=== About this task ===
Copy out exactly the lines beginning with the one that contains "Shadow box for" and ending at the last line of the listing, skipping any pictures.

==============================

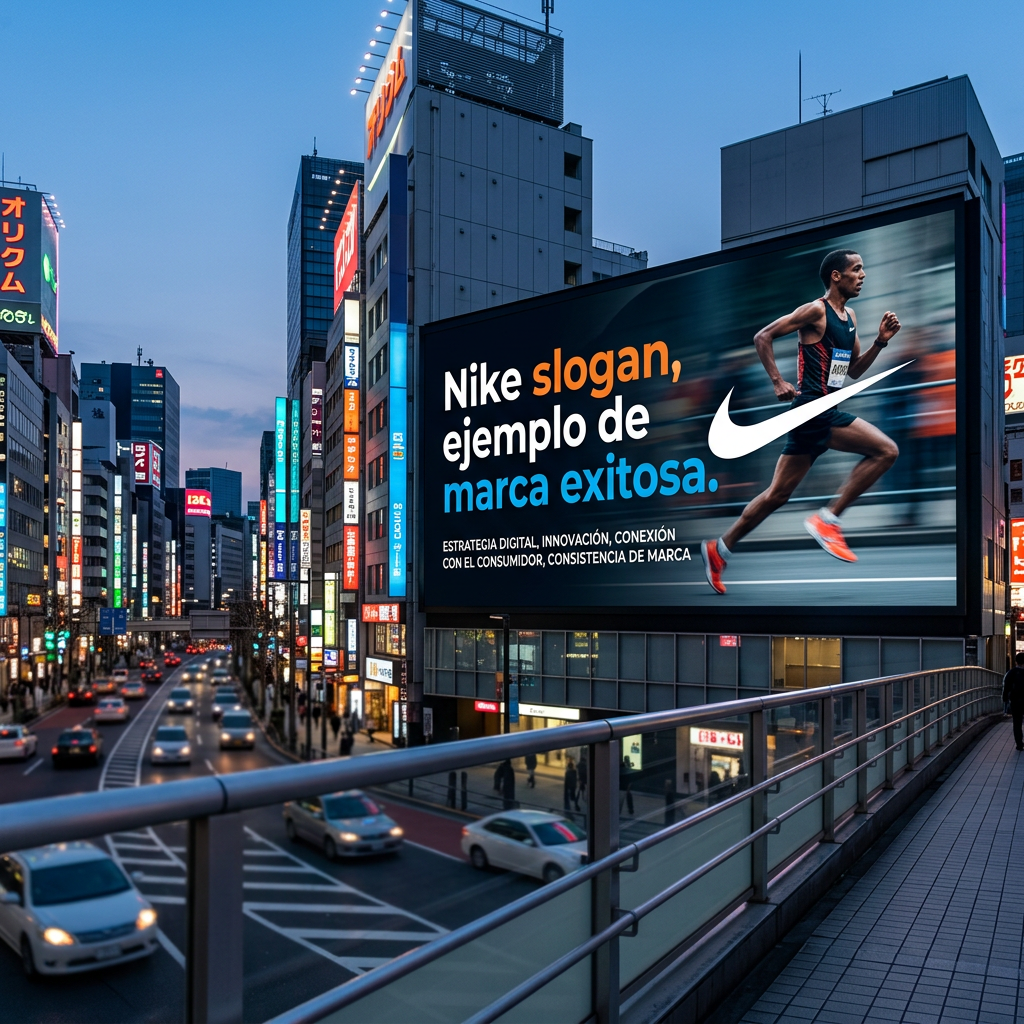 Add text: Nike slogan, ejemplo de marca exitosa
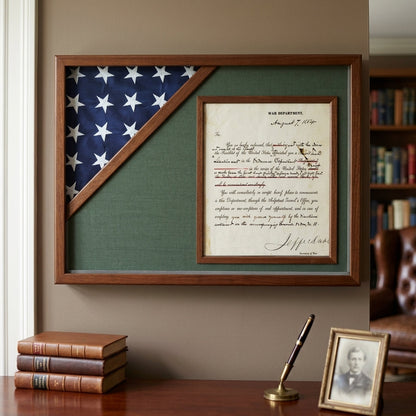 Shadow box for 3ft x 5ft flag with 8.5 x 11 Document holder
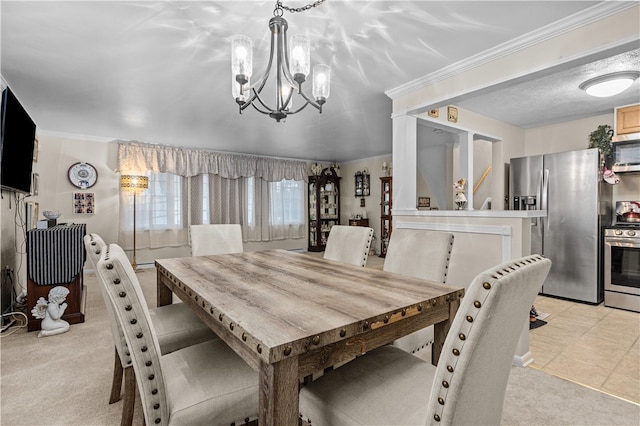 dining room with light colored carpet, crown molding, and a chandelier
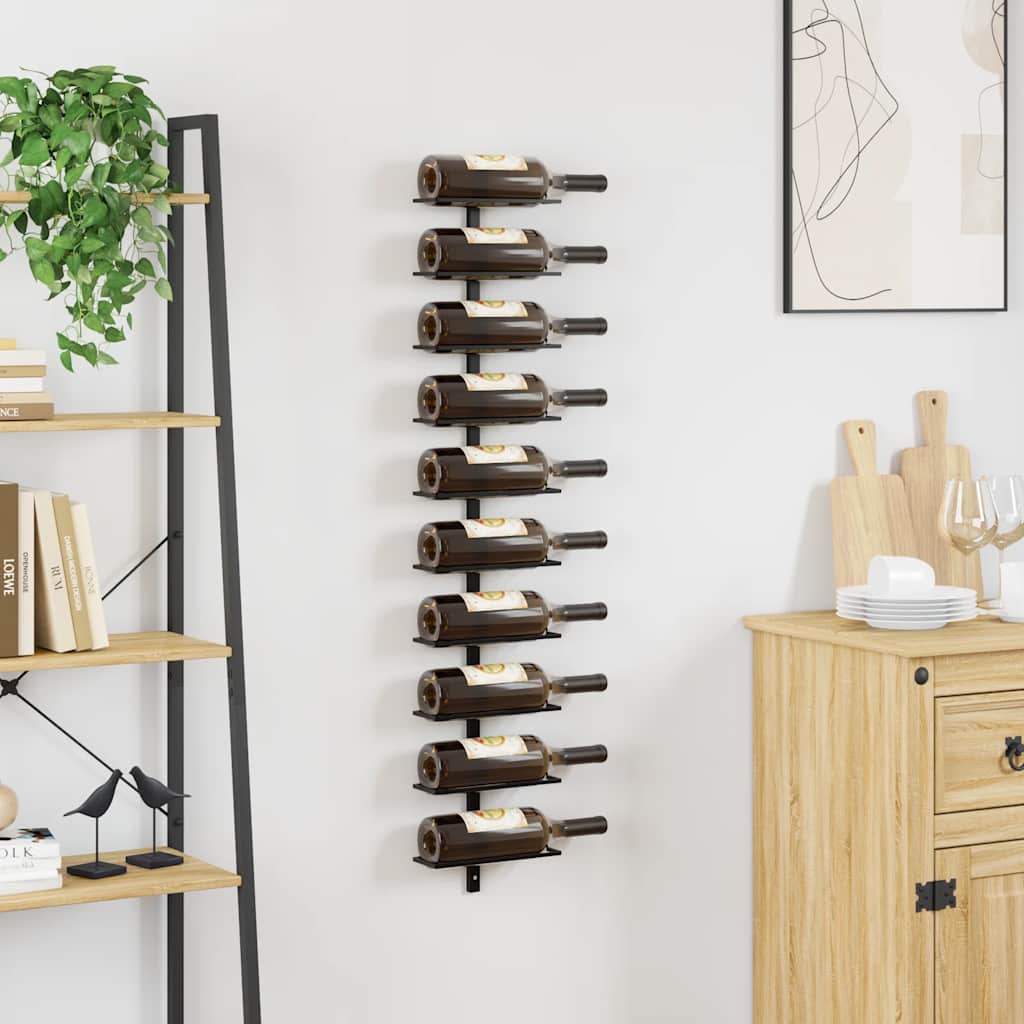 vidaXL Ścienny uchwyt na 10 butelek wina, czarny, metalowy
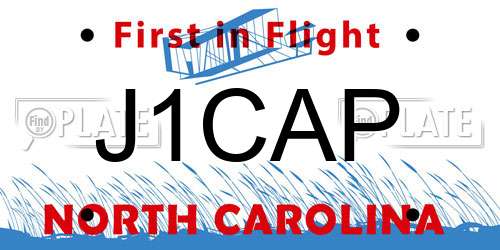 J1CAP North Carolina License Plate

==============================

=== Your response ===
 Shadow box for 3ft x 5ft flag with 8.5 x 11 Document holder
 dining room with light colored carpet, crown molding, and a chandelier
 vidaXL Ścienny uchwyt na 10 butelek wina, czarny, metalowy
 J1CAP North Carolina License Plate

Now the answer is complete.